From the line that contains "Inimfiguur DNA ja looduse seosega" to the final line of the records below, print each line exactly and leave every picture out.

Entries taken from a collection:
--- --- ---
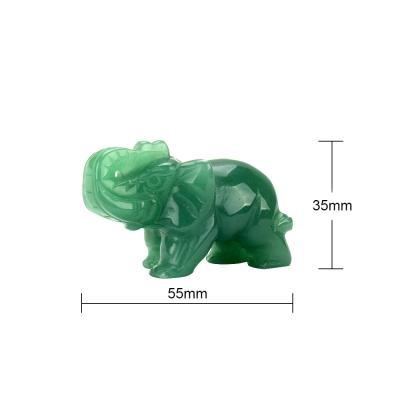 China Europe Crystal Crafts Green Aventurine Crystal Elephant Animal Statue for Gift or Home Decoration for sale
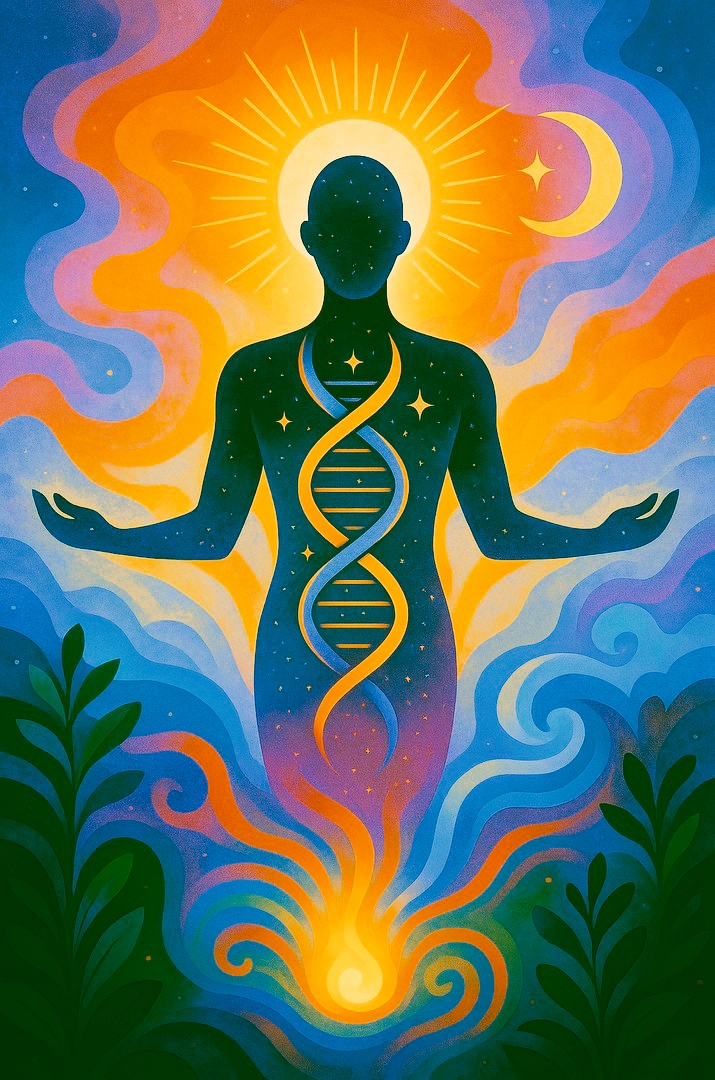 Inimfiguur DNA ja looduse seosega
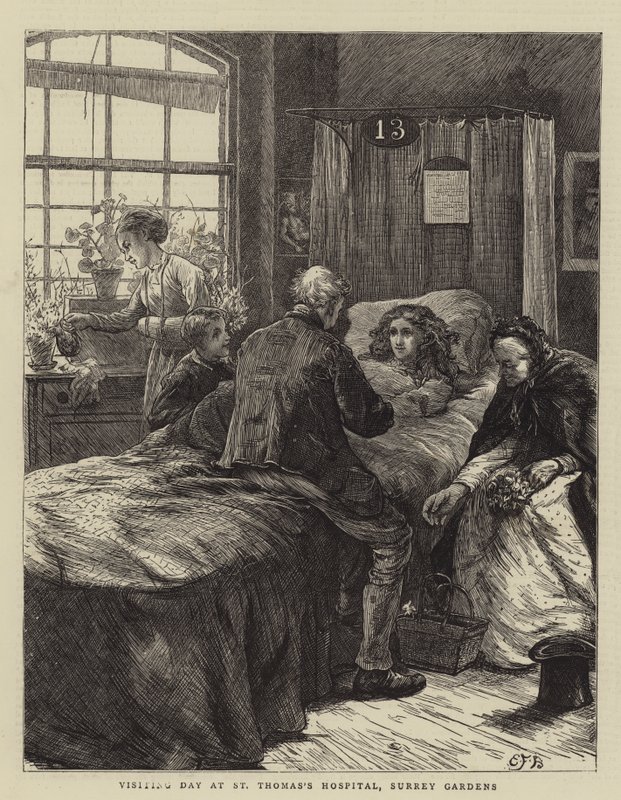 Látogatás a St Thomas kórházban, Surrey Gardensben alkotó: Edward Frederick Brewtnall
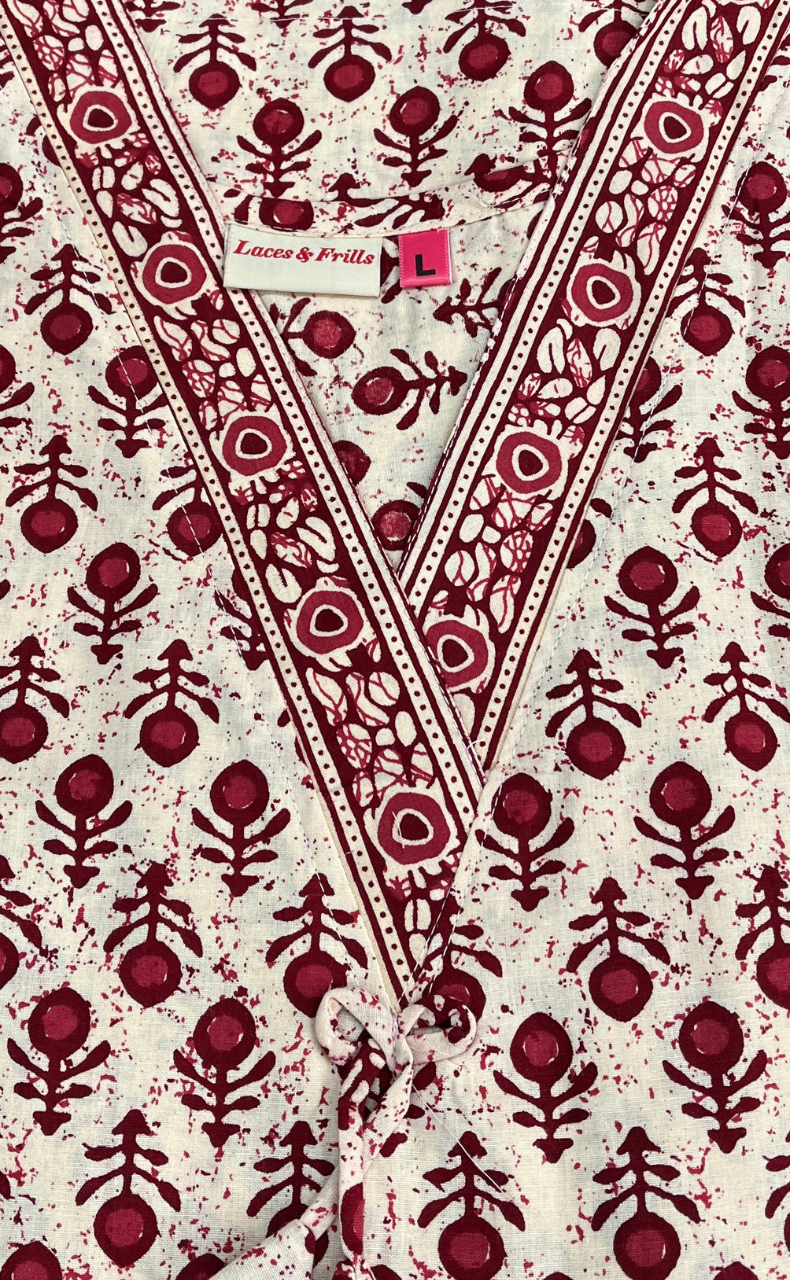 Maroon Flora Sleeveless Pure Cotton Nighty. Pure Durable Cotton | Laces and Frills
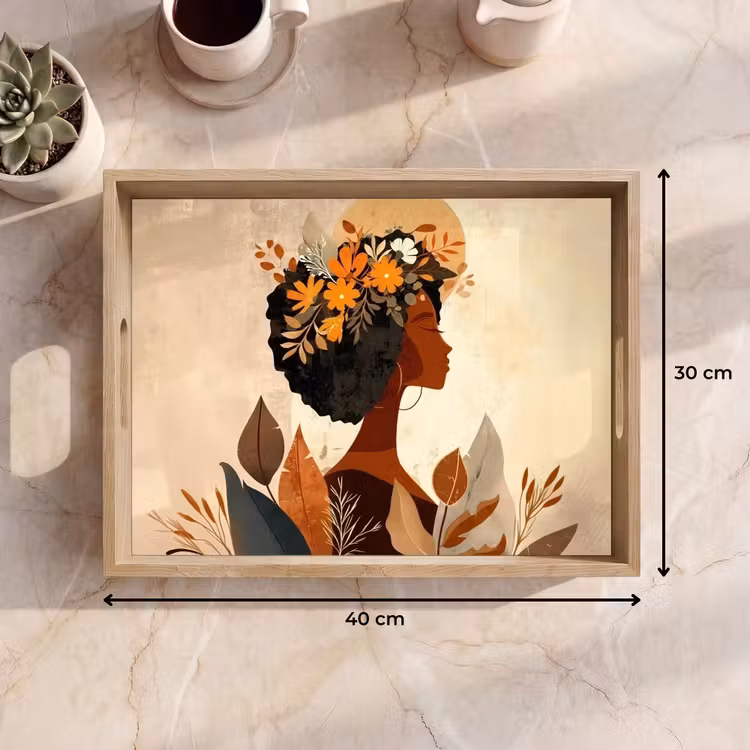 Tablett - Frau - Locken - Blumen - Beige — 7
--- --- ---
• _Reply to the exercise_
 Inimfiguur DNA ja looduse seosega
 Látogatás a St Thomas kórházban, Surrey Gardensben alkotó: Edward Frederick Brewtnall
 Maroon Flora Sleeveless Pure Cotton Nighty. Pure Durable Cotton | Laces and Frills
 Tablett - Frau - Locken - Blumen - Beige — 7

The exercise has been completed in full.